Nessa esteira, em 08 de julho de 2021, a Justiça Federal de Campo Grande proferiu uma sentença determinando que as despesas com a implementação das diretrizes da LGPD comprovadas pelas impetrantes, TNG Comercio de Roupas Ltda. e TB Indústria e Comércio de Confecção de Roupas Ltda., fossem consideradas como insumos, além de reconhecer o direito das impetrantes de realizar a compensação dos valores pagos a maior com os débitos de sua responsabilidade, após o trânsito em julgado da sentença.
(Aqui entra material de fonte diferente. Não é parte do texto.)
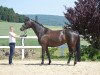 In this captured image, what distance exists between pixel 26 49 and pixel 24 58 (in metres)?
1.09

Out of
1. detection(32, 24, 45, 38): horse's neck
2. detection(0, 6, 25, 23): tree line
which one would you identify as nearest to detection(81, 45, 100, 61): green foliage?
detection(32, 24, 45, 38): horse's neck

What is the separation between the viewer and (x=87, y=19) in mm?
21531

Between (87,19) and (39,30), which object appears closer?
(39,30)

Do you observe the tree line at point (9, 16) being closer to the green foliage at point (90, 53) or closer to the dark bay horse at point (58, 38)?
the green foliage at point (90, 53)

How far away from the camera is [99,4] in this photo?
22031mm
A justificativa da decisão para que os custos com a implementação das diretrizes da LGPD fossem reconhecidos como insumos para fins de compensação de créditos para o PIS/COFINS foi baseada nos Artigo 3º, II, da Lei nº 10.637/2002 e o Artigo 3º, II da Lei nº 10.833/2003, que determinam que do valor apurado para a contribuição para o COFINS e PIS, respectivamente, poderão ser descontados créditos pela pessoa jurídica em relação a:
“II – bens e serviços, utilizados como insumo na prestação de serviços e na produção ou fabricação de bens ou produtos destinados à venda, inclusive combustíveis e lubrificantes, exceto em relação ao pagamento de que trata o art. 2º da Lei nº 10.485, de 3 de julho de 2002, devido pelo fabricante ou importador, ao concessionário, pela intermediação ou entrega dos veículos classificados nas posições 87.03 e 87.04 da TIPI; (…)”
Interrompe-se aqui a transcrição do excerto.